O crescimento da venda de consórcios em torno de 28,2%% nos primeiros quatro meses deste ano demonstra que o brasileiro, mesmo com a situação ''apertada'', faz de tudo para poupar parte do seu salário para adquirir algum bem. Prova disso está no número expressivo de mais de meio milhão de cotas que foram comercializadas pelo sistema consórcios. No quadrimestre foram comercializadas a marca de 683,2 mil novas cotas. Uma alta de 28,2% sobre as 533,1 mil contabilizadas no mesmo período no ano passado.
Para o empresário Rodolfo Montosa, presidente nacional da Associação Brasileira de Administradoras de Consórcios (Abac), a desaceleração do crescimento econômico não afeta muito na compra de consórcios. Para ele, consórcio vende sempre bem, tanto em épocas de dinheiro como não. ''Quando falta dinheiro, o consórcio é uma alternativa porque seus custos são bem menores do que as operações financeiras. Quando se tem dinheiro de sobra, o sistema também é uma boa alternativa porque é uma maneira de investir, já que dinheiro na mão é vendaval'', compara Montosa.

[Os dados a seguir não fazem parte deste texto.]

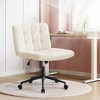 NicBex Adjustable Office Chair with Wheels,Modern Armless Computer Chair with Lumbar Support,Swivel Linen Desk Chair for Adult,Student - 2 of 4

Portanto, a procura pelos consórcios se mantém em ascensão. ''Todos os segmentos apresentaram crescimento, confirmando que o consumidor continua atento ao seu orçamento pessoal ou familiar, não adquirindo apenas pelo impulso ou pelo valor da parcela, mas analisando os custos embutidos, quando se trata, especialmente, de parcelamento sem juros'', afirma Montosa.
Na opinião dele, os juros reais estão muito altos. No consórcio qualquer operação tem custo entre 0,20% a 0,30% ao mês, representando 4% ao ano, enquanto no sistema convencional os juros podem chegar a 148%. ''Quando se compara esta realidade, o cliente começa a poupar para adquirir um consórico. É claro que na compra por impulso você pega o dinheiro na hora, mas por isso você tem que pagar muito mais. a diferença pode chegar a 10 vezes mais'', compara Montosa.
O advogado Marcos de Queiroz Ramalho passou a gostar muito de consórcio de uns anos para cá. Ele já adquiriu dois veículos, dois imóveis e quatro motos através do sistema. Mesmo sem ter sido contemplado, ele diz que o sistema muito melhor do que financiamento. ''Não tem juros. Você vai pagando, dá lance e depois consegue abater o valor da prestação'', disse ele, acrescentando que hoje está pagando as parcelas com valores bem baixos. Outra vantagem que ele vê é com relação à devolução no final do grupo. ''Você paga fundo de reserva, para deixar o consórcio saudável. Depois você é restituído'', explicou.
De acordo com dados da Abac, a soma das vendas nos primeiros quatro meses de 2005, comparado ao mesmo período de 2004, apresentou alta de 199,8%, subindo de 65,9 mil novas cotas para 197,6 mil. O total de participantes ativos chegou aos 3,32 milhões, em abril de 2005, 4,1% mais que os 3,19 milhões apontados em abril de 2004. As contemplações também tiveram alta, 3%. Subiram de 271,8 mil, acumuladas de janeiro a abril do ano passado para 280 mil, nos mesmos quatro meses deste ano.